While there are many things wrong with the legal profession, and I plan to post an extensive Post soon detailing my almost infinite criticisms, there are also however a few issues that originate with clients or would-be clients. Here are some:

Recently I heard an acquaintance criticize lawyers for “hoarding their information” and refusing to tell the public what they know. As a former practicing lawyer, I know this opinion is flat wrong. I learned from hard experience that it is in fact impossible to tell people what the law actually is. They simply refuse to believe it.

They don’t want to believe it because some have an ideology of libertarianism and they think that the state should “wither away” and if it were only to do that, then society would have no more need for laws or lawyers. But without a state, chaos and crime would run rampant–that is, even more rampant than now. Such people simply do not know just how many truly evil people are out there and what will happen to them and their families if there are no police to call on, and no lawyers to sue the bastards who did what they did. Lawyers learn all this in gory detail in law school, far from the madding uninformed crowd. Rather than educating themselves by consulting a lawyer beforehand, these people only consult him when they are either mad as hell and wanting to sue someone, or scared witless and ready to finally listen to one who is more informed and can do something about their issue. No one pays a lawyer until the sh*t hits the fan. That’s human nature, not the fault of lawyers.

Others are used to making a living in a particular way and don’t want to hear from a lawyer that what they are used to doing may actually involve something illegal. This doesn’t mean they are evil, just unfamiliar with the law and unwilling to change. These people always refuse to believe that the law is the way it is and will even accuse the lawyer of making it up just to scare them.

Still others will say “This is how I make my money and it’s your job to make it legal.” I have fired more than one client who said this. Such statements must rank high on the scale of stupidity. No one would ever tell his doctor: “This is how I live: I eat like a pig, I never exercise, I drink like a fish, and it’s your job to make me healthy.” Maybe a few people are that stupid, but not many and they don’t live long.

Then there is the Legal Pit. Here’s how it works:

Phase One: seeking to avoid paying legal fees, someone contacts me and ask me to “join their team”, trading my legal advice for shares in their company. My payment will be the shares.

I say NO. Because this is trading a paycheck for high personal and professional liability in what is likely to entail illegal activities paired with infinite demand on my labor for which I will probably never be paid a dime.

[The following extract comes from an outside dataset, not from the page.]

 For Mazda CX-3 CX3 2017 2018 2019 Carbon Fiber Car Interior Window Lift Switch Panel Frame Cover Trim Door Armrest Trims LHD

Phase Two: the same people then ask me to find investors for their company and they will give me some shares in return.

I say NO. Because that would expose me to securities and fraud violations in addition to wasting my time with no paycheck. This also would involve pointless phone calling to pitch their ‘investment’ to actual clients which would only in the end cause them to file a malpractice claim against me with automatic restitution of their investment.

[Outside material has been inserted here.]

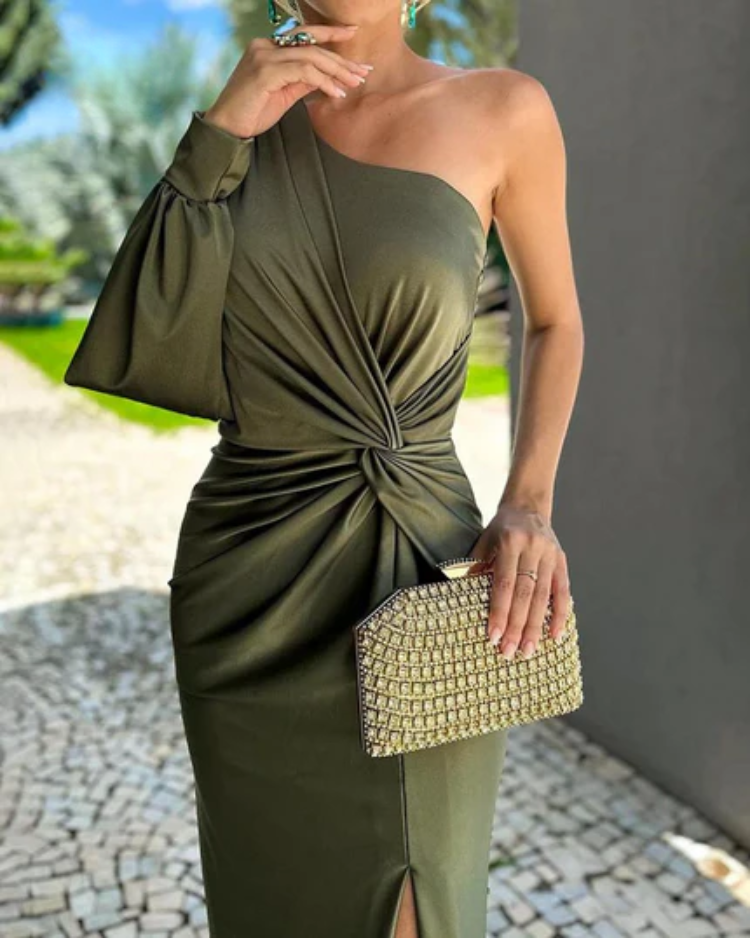 Yasmine - Asymmetrical Ruched Bandage Midi Dress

Phase Three: giving up on their first two ideas–as if I have not heard them pitched a hundred times before I met them–they say Be Our Friend, meet with us socially and give us free legal advice and we’ll introduce you to important rich people we know and they will become paying clients.

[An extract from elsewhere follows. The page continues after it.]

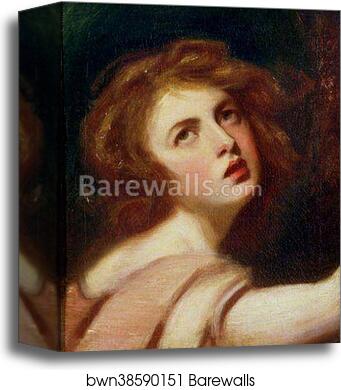Portrait of Emma as Miranda by George Romney, Canvas Print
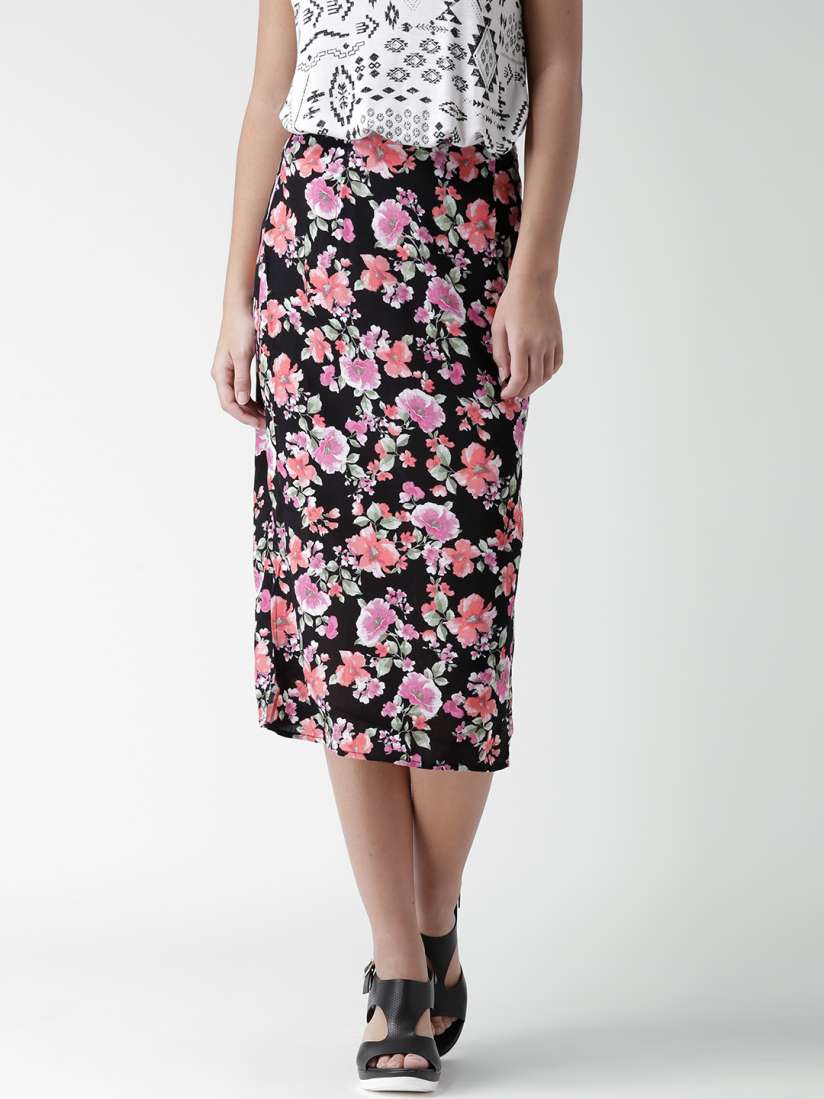 Buy FOREVER 21 Black Floral Print Midi Skirt Skirts for Women 1337619 Myntra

I say NO. Because friends never become paying clients, and if I don’t do what they want for free then they will walk off and tell everyone that I’m a bad lawyer for not honoring their ‘friendship’. So again this has zero positive possibilities for me.

The signal that this Legal Pit is about to be pitched is when a stranger calls and invites me to meet with them socially for lunch. Not only will they not pay for the lunch, which always seems to be at a place unnecessarily expensive, but I will have to listen to Phase One while I eat. And sure as the sun comes up, Phase Two and Three will follow. All such “offers” are a total waste of a lawyer’s time.